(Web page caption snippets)
══════════
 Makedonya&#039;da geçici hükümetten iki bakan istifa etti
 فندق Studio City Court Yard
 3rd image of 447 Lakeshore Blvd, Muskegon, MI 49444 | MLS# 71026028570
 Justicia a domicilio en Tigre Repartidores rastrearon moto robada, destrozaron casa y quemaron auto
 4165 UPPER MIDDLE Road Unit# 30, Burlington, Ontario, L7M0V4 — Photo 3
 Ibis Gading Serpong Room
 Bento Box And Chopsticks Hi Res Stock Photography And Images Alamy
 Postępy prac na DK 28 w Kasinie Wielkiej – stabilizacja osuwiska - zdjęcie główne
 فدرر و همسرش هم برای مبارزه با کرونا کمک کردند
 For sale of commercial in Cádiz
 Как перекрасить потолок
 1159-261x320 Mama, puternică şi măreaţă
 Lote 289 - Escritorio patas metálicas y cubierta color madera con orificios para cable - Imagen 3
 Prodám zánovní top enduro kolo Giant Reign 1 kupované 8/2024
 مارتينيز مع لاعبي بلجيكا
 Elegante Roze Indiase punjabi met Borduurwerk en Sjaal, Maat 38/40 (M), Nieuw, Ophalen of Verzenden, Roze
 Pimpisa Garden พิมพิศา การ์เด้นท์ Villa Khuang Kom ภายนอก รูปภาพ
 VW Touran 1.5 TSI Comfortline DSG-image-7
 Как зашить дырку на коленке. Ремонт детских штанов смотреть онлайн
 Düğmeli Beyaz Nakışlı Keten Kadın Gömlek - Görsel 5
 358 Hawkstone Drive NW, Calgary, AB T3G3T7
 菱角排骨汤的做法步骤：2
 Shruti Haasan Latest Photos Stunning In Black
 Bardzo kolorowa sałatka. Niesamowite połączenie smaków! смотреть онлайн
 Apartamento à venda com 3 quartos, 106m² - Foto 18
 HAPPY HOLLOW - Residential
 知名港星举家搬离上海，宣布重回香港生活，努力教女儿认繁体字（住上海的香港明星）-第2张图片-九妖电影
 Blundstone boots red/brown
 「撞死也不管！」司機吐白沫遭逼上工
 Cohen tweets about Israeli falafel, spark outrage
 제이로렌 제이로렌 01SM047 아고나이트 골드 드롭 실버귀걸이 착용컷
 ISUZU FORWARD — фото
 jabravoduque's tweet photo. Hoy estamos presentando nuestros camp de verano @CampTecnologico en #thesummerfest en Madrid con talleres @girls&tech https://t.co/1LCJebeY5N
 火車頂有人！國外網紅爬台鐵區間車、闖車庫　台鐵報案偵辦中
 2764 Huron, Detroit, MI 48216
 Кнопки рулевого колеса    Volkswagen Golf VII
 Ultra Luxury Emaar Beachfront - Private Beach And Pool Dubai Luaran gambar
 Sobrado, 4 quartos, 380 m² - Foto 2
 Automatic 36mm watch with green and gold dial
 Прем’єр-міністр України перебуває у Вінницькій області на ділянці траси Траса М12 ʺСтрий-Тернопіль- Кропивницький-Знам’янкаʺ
══════════
The lines above are to be retyped exactly, with none omitted.

Solved problem:
 Makedonya&#039;da geçici hükümetten iki bakan istifa etti
 فندق Studio City Court Yard
 3rd image of 447 Lakeshore Blvd, Muskegon, MI 49444 | MLS# 71026028570
 Justicia a domicilio en Tigre Repartidores rastrearon moto robada, destrozaron casa y quemaron auto
 4165 UPPER MIDDLE Road Unit# 30, Burlington, Ontario, L7M0V4 — Photo 3
 Ibis Gading Serpong Room
 Bento Box And Chopsticks Hi Res Stock Photography And Images Alamy
 Postępy prac na DK 28 w Kasinie Wielkiej – stabilizacja osuwiska - zdjęcie główne
 فدرر و همسرش هم برای مبارزه با کرونا کمک کردند
 For sale of commercial in Cádiz
 Как перекрасить потолок
 1159-261x320 Mama, puternică şi măreaţă
 Lote 289 - Escritorio patas metálicas y cubierta color madera con orificios para cable - Imagen 3
 Prodám zánovní top enduro kolo Giant Reign 1 kupované 8/2024
 مارتينيز مع لاعبي بلجيكا
 Elegante Roze Indiase punjabi met Borduurwerk en Sjaal, Maat 38/40 (M), Nieuw, Ophalen of Verzenden, Roze
 Pimpisa Garden พิมพิศา การ์เด้นท์ Villa Khuang Kom ภายนอก รูปภาพ
 VW Touran 1.5 TSI Comfortline DSG-image-7
 Как зашить дырку на коленке. Ремонт детских штанов смотреть онлайн
 Düğmeli Beyaz Nakışlı Keten Kadın Gömlek - Görsel 5
 358 Hawkstone Drive NW, Calgary, AB T3G3T7
 菱角排骨汤的做法步骤：2
 Shruti Haasan Latest Photos Stunning In Black
 Bardzo kolorowa sałatka. Niesamowite połączenie smaków! смотреть онлайн
 Apartamento à venda com 3 quartos, 106m² - Foto 18
 HAPPY HOLLOW - Residential
 知名港星举家搬离上海，宣布重回香港生活，努力教女儿认繁体字（住上海的香港明星）-第2张图片-九妖电影
 Blundstone boots red/brown
 「撞死也不管！」司機吐白沫遭逼上工
 Cohen tweets about Israeli falafel, spark outrage
 제이로렌 제이로렌 01SM047 아고나이트 골드 드롭 실버귀걸이 착용컷
 ISUZU FORWARD — фото
 jabravoduque's tweet photo. Hoy estamos presentando nuestros camp de verano @CampTecnologico en #thesummerfest en Madrid con talleres @girls&tech https://t.co/1LCJebeY5N
 火車頂有人！國外網紅爬台鐵區間車、闖車庫　台鐵報案偵辦中
 2764 Huron, Detroit, MI 48216
 Кнопки рулевого колеса    Volkswagen Golf VII
 Ultra Luxury Emaar Beachfront - Private Beach And Pool Dubai Luaran gambar
 Sobrado, 4 quartos, 380 m² - Foto 2
 Automatic 36mm watch with green and gold dial
 Прем’єр-міністр України перебуває у Вінницькій області на ділянці траси Траса М12 ʺСтрий-Тернопіль- Кропивницький-Знам’янкаʺ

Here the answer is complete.